- [WORK ORDER] After locating the line that contains "SoBuy KLS04-II-BR Telescopisch" in the records below, write out exactly that line and each line after it through the one that contains "CelinaTex Active Spannbettlaken", and nothing else.

- [Dataset excerpts]
※ ※ ※

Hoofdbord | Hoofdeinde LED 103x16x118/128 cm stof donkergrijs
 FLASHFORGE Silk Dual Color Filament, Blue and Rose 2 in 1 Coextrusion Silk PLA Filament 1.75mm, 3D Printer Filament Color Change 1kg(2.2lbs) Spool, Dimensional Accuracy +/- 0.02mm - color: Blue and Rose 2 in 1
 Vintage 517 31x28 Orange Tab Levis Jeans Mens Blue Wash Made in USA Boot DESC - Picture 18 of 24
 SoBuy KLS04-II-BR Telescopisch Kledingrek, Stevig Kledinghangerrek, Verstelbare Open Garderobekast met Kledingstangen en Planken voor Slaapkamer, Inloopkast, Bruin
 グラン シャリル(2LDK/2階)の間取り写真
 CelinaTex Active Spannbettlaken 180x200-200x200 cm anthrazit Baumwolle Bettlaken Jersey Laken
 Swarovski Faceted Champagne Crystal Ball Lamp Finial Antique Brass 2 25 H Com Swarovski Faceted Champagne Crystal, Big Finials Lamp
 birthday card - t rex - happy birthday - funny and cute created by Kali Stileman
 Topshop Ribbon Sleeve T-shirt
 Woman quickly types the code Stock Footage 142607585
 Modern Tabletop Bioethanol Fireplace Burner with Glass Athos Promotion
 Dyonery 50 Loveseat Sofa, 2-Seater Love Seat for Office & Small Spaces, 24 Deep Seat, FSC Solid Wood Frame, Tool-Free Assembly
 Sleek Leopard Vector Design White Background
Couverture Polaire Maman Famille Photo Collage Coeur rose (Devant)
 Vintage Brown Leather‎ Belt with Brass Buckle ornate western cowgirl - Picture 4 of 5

※ ※ ※

- [SOLUTION BELOW]
 SoBuy KLS04-II-BR Telescopisch Kledingrek, Stevig Kledinghangerrek, Verstelbare Open Garderobekast met Kledingstangen en Planken voor Slaapkamer, Inloopkast, Bruin
 グラン シャリル(2LDK/2階)の間取り写真
 CelinaTex Active Spannbettlaken 180x200-200x200 cm anthrazit Baumwolle Bettlaken Jersey Laken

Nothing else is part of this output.